The U.S. armed forces sent 16 million of its sons and daughters into the maw of World War II; about 1 percent of those were captured, and 14,072 died in captivity. Only 20,000 POWs were alive in 2008.
According to a 2008 Oxford University study, most POWs endure a variety of physical and psychological disorders, but prisoners tortured by the Japanese normally suffer from an excess of post-traumatic stress disorders due to the extreme levels of deprivation, malnutrition and tropical diseases. However, most individuals who make it out of these circumstances alive are pretty content, says Clydie Morgan, national staff officer for the American Ex-Prisoners of War Association, an advocacy group.
Phil Budahn, the spokesman for the Department of Veteran’s Affairs, says the heroes’ resilience has always caught him off guard. “It’s hard to imagine human beings with these experiences surviving with their integrity and values intact,” Budahn says. “Or for that matter, surviving at all.” Former prisoners such as Carter are forced to move on after experiencing cruel parts of history some overlook. After that, as Budahn says, it’s not easy to face the present.
Carter’s story and spirit astound Columbia’s veteran community. His fellow veterans at the VFW Post 280 regard Carter as a hero among them. Veteran Gary Hahn says Carter has seen some of the worst and that it’s remarkable that he survived to share his experience. “He could teach us all a little something about living,” he says.
When Carter drudges up his wartime recollections, he opts for the ones that make him smile, like the time he was clever enough to trade corn for cigarettes, or when he made a friend in the barracks of the prison.

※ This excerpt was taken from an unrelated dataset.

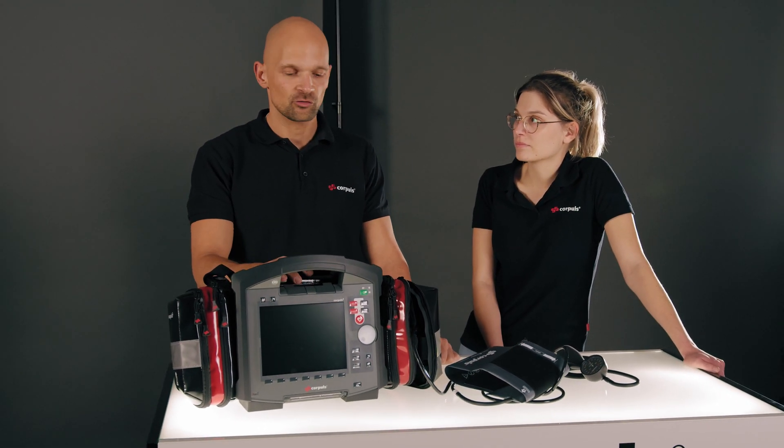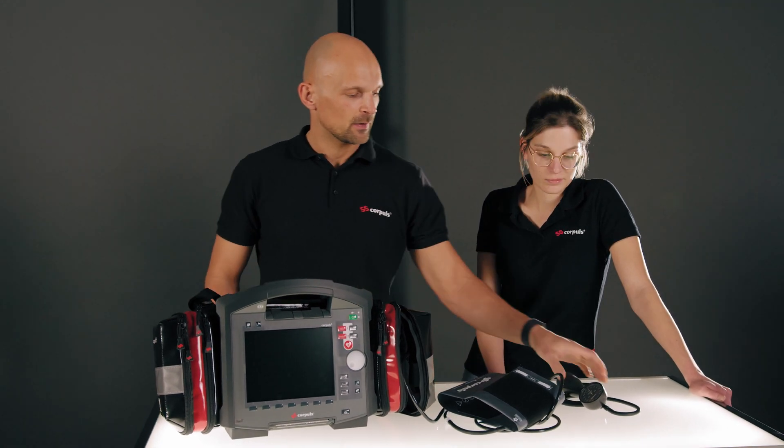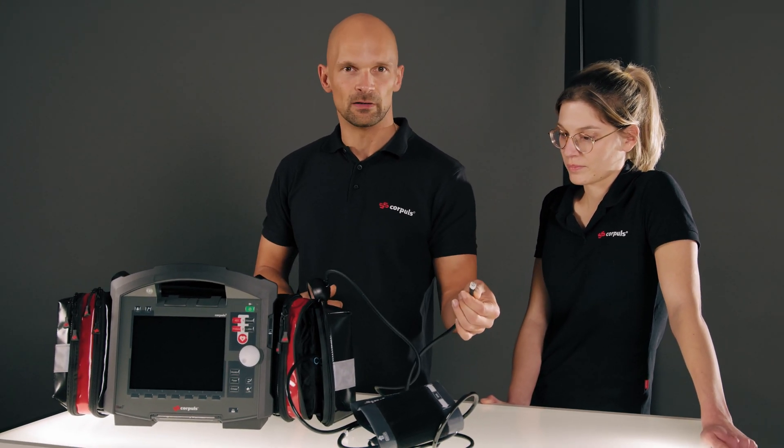Because an oscillometric — that is, automatic — measurement depends on influencing factors, we recommend doing the first measurement manually. For this we have a manometer, which can be easily connected to all common Corpulse 3T cuffs.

His smile darkens slightly, though, at what he says is his happiest memory of all — Aug. 20, 1945, when the Russian military liberated the camp, four days before he was marked to be killed on the camp’s death list. Carter remembers his response upon leaving the liberated camp: “I’ve been in prison for five months. I’m leaving this place.” He walked away from his personal hell for the last time before inventory had even been taken –– or so he thought.
In 2005, Carter returned to the site of his captivity. A museum sits where the prison once did in remembrance and reverence of the people who suffered and died on its grounds. Carter and his wife revisited the place where he became a full-fledged adult and re-met the people with whom he had grown up. It was his long-awaited closure; it was peace. It was the place where he’d been treated the worst and the best in his life because of Japanese torture he endured there and the respect the Chinese government offered him years later, Carter says.
Carter has come from the man whom he wanted to be to the man he is; from the horrors that life dealt him to the cards he deals for pleasure; from the experience that changed his life to the experience that made it worth it.